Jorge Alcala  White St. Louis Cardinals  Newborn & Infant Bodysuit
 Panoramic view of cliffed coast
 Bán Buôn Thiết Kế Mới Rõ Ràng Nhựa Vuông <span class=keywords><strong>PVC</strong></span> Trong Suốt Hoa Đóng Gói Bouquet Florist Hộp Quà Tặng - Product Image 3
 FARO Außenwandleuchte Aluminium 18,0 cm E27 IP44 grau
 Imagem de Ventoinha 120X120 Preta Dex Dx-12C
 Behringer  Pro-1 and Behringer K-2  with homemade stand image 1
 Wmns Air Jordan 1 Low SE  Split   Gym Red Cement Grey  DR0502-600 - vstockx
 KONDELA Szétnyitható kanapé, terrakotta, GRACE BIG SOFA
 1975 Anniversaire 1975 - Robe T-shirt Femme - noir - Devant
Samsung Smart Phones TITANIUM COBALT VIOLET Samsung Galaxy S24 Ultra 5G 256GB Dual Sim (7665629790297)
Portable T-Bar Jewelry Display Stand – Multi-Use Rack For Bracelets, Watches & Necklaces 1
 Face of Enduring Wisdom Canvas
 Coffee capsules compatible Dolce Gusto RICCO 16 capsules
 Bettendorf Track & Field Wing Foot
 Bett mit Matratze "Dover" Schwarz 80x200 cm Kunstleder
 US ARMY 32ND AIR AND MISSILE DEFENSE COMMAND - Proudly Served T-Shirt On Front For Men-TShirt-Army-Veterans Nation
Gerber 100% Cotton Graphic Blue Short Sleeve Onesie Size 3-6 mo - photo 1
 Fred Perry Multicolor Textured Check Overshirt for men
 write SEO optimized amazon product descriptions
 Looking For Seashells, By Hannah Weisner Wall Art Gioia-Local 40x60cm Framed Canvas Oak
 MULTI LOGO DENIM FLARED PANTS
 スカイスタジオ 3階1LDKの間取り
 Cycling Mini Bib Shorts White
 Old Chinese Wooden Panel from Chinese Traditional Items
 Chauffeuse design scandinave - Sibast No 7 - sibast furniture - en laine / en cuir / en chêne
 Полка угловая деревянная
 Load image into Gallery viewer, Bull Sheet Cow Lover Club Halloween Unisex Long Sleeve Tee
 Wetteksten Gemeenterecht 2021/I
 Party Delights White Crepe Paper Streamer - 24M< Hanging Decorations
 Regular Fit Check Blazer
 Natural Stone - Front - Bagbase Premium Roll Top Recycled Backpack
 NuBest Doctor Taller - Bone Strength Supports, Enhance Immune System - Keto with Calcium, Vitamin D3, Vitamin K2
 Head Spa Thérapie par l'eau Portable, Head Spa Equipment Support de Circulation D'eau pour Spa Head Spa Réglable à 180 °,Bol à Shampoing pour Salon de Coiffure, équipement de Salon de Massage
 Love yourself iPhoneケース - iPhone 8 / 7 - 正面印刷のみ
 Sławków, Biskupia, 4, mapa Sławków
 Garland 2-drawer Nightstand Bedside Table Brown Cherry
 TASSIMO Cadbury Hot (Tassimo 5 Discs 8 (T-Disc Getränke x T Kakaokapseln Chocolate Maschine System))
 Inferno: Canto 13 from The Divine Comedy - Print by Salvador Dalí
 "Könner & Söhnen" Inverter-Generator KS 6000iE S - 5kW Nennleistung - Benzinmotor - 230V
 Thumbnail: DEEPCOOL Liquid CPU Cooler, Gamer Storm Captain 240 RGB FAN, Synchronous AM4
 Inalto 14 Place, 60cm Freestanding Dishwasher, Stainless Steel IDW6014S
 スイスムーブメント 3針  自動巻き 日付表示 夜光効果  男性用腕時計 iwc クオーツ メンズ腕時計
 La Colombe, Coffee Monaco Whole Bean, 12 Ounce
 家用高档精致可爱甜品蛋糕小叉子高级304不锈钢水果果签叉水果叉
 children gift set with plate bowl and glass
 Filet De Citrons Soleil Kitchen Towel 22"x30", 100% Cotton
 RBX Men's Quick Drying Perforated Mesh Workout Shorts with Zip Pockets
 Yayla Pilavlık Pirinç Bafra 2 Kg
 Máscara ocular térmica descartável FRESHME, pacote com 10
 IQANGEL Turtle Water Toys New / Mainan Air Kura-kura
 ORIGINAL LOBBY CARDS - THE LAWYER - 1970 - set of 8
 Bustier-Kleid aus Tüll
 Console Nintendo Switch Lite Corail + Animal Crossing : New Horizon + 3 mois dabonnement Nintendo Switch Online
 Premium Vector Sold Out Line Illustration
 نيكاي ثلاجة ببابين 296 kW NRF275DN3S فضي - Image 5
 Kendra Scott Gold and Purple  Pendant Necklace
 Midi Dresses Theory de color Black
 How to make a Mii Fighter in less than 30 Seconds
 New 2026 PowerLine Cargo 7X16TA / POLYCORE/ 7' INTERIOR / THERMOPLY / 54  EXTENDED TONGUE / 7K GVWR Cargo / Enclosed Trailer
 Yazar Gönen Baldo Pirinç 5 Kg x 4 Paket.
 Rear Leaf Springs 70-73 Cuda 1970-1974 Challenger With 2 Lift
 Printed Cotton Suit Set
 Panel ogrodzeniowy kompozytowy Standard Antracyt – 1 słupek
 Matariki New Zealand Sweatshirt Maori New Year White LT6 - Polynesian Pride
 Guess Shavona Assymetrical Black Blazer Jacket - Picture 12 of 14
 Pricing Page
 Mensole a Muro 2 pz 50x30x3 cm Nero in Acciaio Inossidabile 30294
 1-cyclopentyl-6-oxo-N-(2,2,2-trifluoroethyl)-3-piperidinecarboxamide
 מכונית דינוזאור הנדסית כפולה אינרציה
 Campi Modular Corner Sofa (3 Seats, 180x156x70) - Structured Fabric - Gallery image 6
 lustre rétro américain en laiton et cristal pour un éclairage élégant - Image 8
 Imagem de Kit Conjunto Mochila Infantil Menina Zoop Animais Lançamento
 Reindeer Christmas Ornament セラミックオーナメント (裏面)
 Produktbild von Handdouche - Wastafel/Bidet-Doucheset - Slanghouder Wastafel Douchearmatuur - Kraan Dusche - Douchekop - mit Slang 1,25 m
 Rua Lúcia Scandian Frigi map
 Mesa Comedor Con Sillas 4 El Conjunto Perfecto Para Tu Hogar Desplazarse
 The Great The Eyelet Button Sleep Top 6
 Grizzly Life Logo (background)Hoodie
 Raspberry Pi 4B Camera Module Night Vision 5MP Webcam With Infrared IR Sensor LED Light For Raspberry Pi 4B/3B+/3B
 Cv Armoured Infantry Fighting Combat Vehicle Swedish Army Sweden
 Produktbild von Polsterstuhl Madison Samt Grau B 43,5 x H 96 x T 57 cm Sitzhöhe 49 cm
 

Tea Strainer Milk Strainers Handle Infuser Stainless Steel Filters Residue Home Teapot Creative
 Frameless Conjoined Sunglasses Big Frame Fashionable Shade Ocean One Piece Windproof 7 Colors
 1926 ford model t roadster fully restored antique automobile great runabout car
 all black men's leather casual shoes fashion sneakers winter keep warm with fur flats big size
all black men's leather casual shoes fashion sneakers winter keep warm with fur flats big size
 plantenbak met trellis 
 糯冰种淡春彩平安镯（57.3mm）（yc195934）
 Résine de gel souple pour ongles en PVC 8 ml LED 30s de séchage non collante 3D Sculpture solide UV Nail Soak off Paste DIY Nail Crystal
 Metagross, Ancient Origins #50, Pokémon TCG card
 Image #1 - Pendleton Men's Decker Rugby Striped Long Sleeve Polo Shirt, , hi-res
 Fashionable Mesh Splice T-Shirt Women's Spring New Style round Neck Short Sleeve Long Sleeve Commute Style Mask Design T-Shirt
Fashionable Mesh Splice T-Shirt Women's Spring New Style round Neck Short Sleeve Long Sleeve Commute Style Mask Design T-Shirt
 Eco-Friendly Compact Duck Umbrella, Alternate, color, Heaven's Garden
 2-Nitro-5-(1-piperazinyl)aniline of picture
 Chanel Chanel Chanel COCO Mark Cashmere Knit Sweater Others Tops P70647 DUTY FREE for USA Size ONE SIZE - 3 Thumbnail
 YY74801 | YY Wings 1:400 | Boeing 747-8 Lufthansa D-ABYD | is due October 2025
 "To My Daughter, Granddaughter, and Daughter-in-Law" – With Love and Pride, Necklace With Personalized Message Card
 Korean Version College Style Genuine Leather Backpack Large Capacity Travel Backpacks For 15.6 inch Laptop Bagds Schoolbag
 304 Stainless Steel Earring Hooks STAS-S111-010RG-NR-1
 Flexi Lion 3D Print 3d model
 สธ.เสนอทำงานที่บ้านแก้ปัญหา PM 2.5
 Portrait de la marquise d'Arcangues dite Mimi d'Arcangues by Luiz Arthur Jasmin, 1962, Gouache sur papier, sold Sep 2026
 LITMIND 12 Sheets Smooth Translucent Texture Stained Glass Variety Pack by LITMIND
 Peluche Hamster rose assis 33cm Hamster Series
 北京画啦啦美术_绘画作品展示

## ASSIGNED TASK
Taking the entries above, write out exactly the lines starting with the line containing "Sławków, Biskupia, 4, mapa Sławków" and going on through the line containing "Yayla Pilavlık Pirinç Bafra 2 Kg", both included, and nothing else.

## RESPONSE
 Sławków, Biskupia, 4, mapa Sławków
 Garland 2-drawer Nightstand Bedside Table Brown Cherry
 TASSIMO Cadbury Hot (Tassimo 5 Discs 8 (T-Disc Getränke x T Kakaokapseln Chocolate Maschine System))
 Inferno: Canto 13 from The Divine Comedy - Print by Salvador Dalí
 "Könner & Söhnen" Inverter-Generator KS 6000iE S - 5kW Nennleistung - Benzinmotor - 230V
 Thumbnail: DEEPCOOL Liquid CPU Cooler, Gamer Storm Captain 240 RGB FAN, Synchronous AM4
 Inalto 14 Place, 60cm Freestanding Dishwasher, Stainless Steel IDW6014S
 スイスムーブメント 3針  自動巻き 日付表示 夜光効果  男性用腕時計 iwc クオーツ メンズ腕時計
 La Colombe, Coffee Monaco Whole Bean, 12 Ounce
 家用高档精致可爱甜品蛋糕小叉子高级304不锈钢水果果签叉水果叉
 children gift set with plate bowl and glass
 Filet De Citrons Soleil Kitchen Towel 22"x30", 100% Cotton
 RBX Men's Quick Drying Perforated Mesh Workout Shorts with Zip Pockets
 Yayla Pilavlık Pirinç Bafra 2 Kg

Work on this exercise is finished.